Of course, ever the paranoiac, my internal alarm bells went off immediately. I was hesitant, a bit leery of accepting the invitation. Could this be one of those cases where we became a news story about two overly trusting white tourists being mugged in Africa?

I tried to hedge my bet, saying, “Well, I don’t know if we have time, the lorry might be back any minute…I don’t want them to drive by without stopping, they might forget about us if we’re not there by the road…”

Ann, of course, had no such qualms.

“We’ll be fine, they won’t leave without us,” she chimed in, still flush and elated from her trading frenzy. “We can probably see the road from the confectionary and run out if it looks like they’re passing us by.”

“Well, I don’t know…”

But as the conversation continued, we continued to drift down the road and then across it, with our new companions. I didn’t want to insult them if they were genuine, but I didn’t want to put us at risk, either – or tip my hand that I thought they were up to something, if they were.

“C’mon, I’m thirsty, I could use a Coke,” she said.

So off we went. Myself, a bit reluctantly.

“Well, at least I don’t have all my camera gear with me,” I thought. “That makes me a less desirable target.”

It turned out my fears were completely unfounded. Like the vast majority of people we met in small communities along the way all through Tanzania and Malawi, they just wanted to be friendly, to share their culture, and learn about us and ours.

They insisted on paying for the Cokes, refused to take anything from us.

It did come with a price, though.

Companionship.

They peppered us with questions.

“Where are you from, the United States?”

“No, we’re from Canada, it’s above the U.S. if you look on a map or globe of the world.”

“Where do you live in Canada?”

“We’re from British Columbia.”

“Is that near Colorado?”

And on the conversations went as we sipped our drinks. Suddenly, it wasn’t so important for the lorry to return so quickly.

The most curious and talkative one of the group, the one who offered to buy us drinks originally, asked me what I did for a living. At the time I was a sports writer, and I explained to him what it was that my job involved.
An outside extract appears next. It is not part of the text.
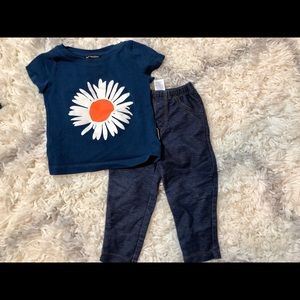 flower shirt with denim leggings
“Would you like to know how to say that in Swahili?” he said.

Of course I did.

He said it, once, then twice, as I tried to repeat it. We all laughed at that. He then wrote it out for me: “Michezo mwandishi.”
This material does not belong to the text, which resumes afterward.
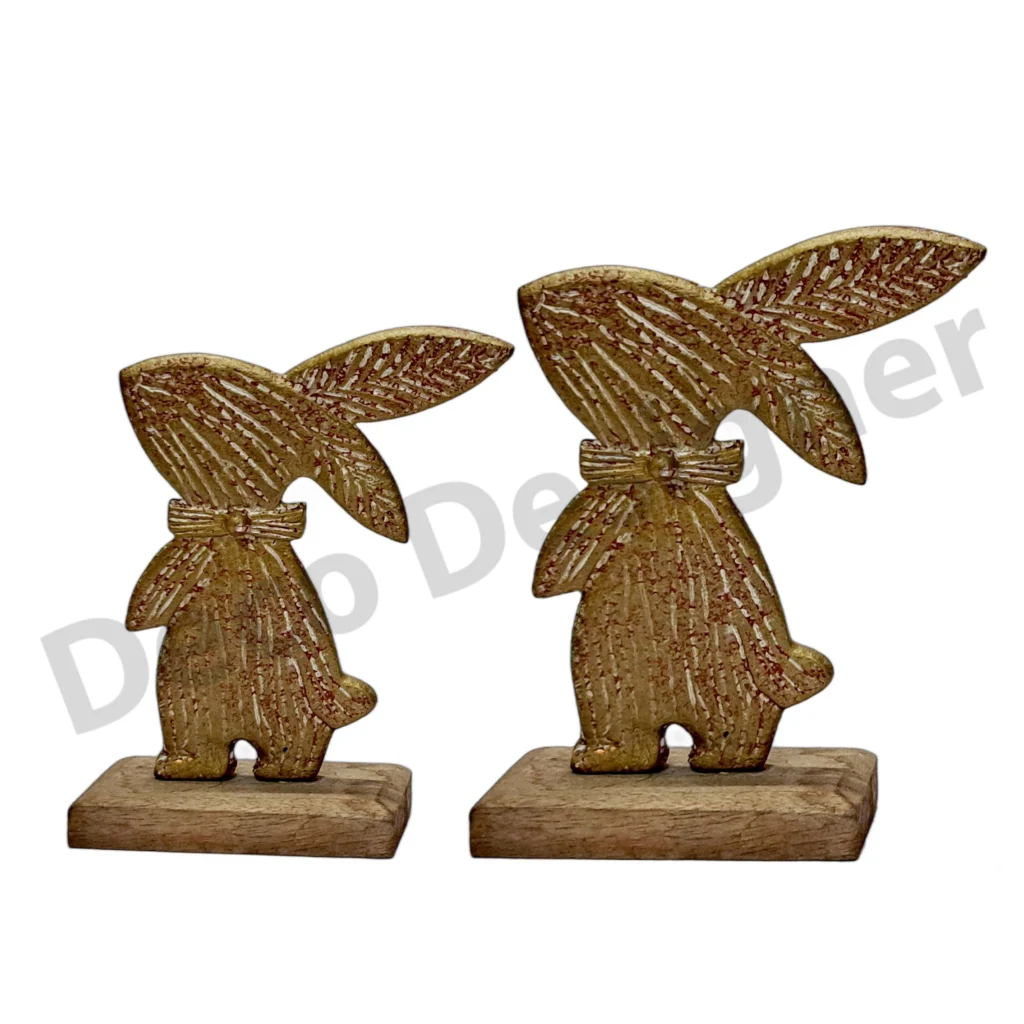 EA1744 - Easter Rabbit Decoration on Wood Base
Better check that phrase book, again...
I can pretty much guarantee that you won’t find that in any phrase book.

We chatted a bit more, then before we knew it, the lorry had come back and was slowing down just past the souvenir stands where they’d left us to look for bargains elsewhere.

It turned out, we got the best bargain of all, and it wasn’t something you could wrap up in paper and ship home.

We said good-bye to our new friends and climbed aboard to head off down the road to more adventures.

Aside from learning how to say my occupation in Swahili, I took much away from that encounter.

All throughout our journey, we met people who had a hunger for knowledge – knowledge about the world outside of their own, a thirst for learning about other people, a craving to connect. That was never more evident than that particular meeting, where a young man - whose family probably made less in a year than I did in a month - insisted he treat me, a visitor, to a cold drink in the local confectionary.

And despite having so little material wealth, they all seemed to be so happy and so friendly and so eager to connect.

That human connection is so vital to our well-being - whether it’s connecting with someone in Africa, or just making a connection with your neighbor down the street.

It also taught me that the secret to happiness is not how much you have or how much you can buy or barter for, but how you relate to others, the richness that comes from sharing…sharing a Coke, sharing a joke, sharing language, sharing experiences.

At times throughout the years since, I’ve struggled to remember that, to maintain it. Sometimes I succeed, other times I fail. But when I’m in one of those downer funks, sometimes it helps me to think back to those young men in Africa, and how happy they were just to buy a treat for a visitor that they knew they would probably never see again.
Sometimes that helps lift me out of it. And I think how no price could ever really be put on that invaluable Coke I sipped in rural Africa so many years ago.